• SOURCE RECORDS

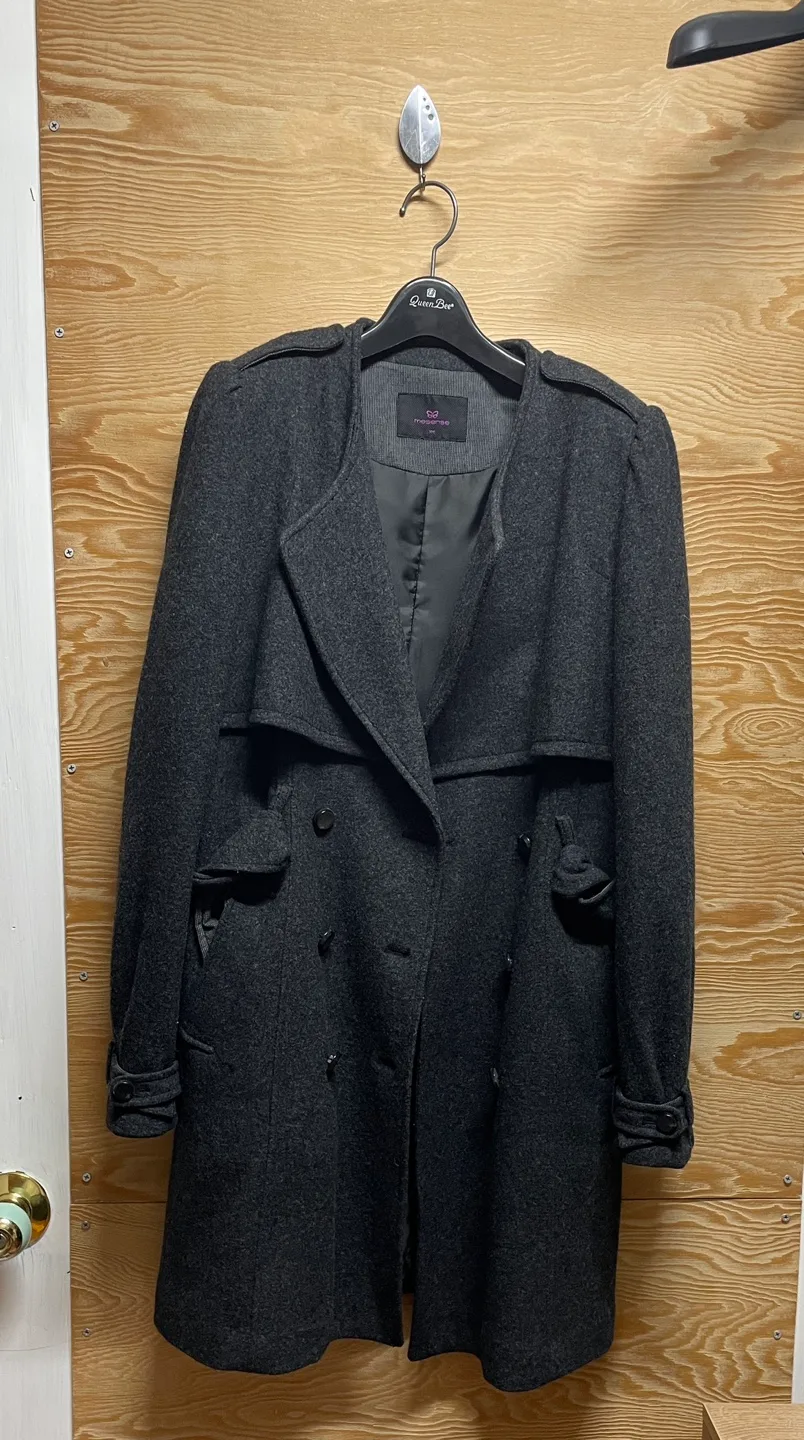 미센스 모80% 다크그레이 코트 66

---

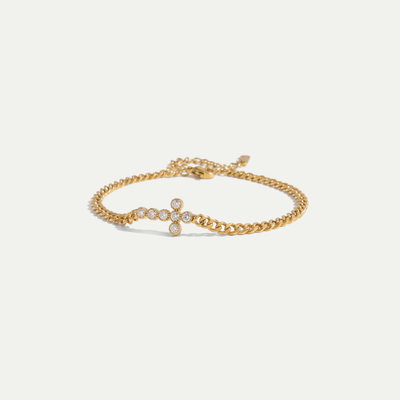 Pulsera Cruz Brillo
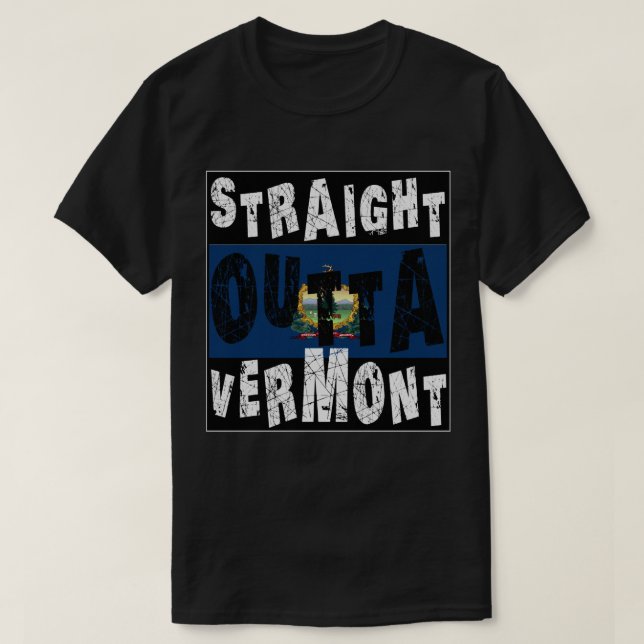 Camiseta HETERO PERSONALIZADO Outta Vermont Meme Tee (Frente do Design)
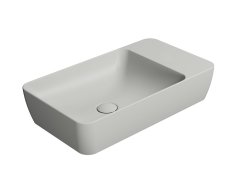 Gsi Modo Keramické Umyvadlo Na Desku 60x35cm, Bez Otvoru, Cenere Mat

---

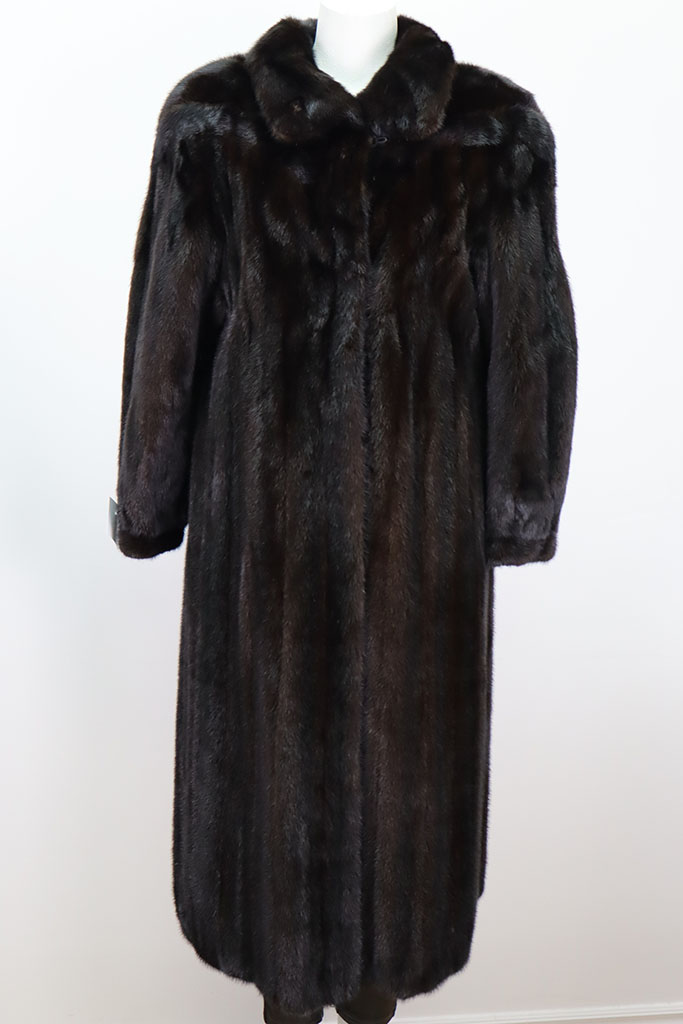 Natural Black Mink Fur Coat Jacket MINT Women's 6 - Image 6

• ACTIVITY
The output is the stretch above from the line with "Camiseta HETERO PERSONALIZADO" through the line with "Gsi Modo Keramické", copied word for word with both ends kept and every picture dropped.

• WRITTEN ANSWER
 Camiseta HETERO PERSONALIZADO Outta Vermont Meme Tee (Frente do Design)
 Gsi Modo Keramické Umyvadlo Na Desku 60x35cm, Bez Otvoru, Cenere Mat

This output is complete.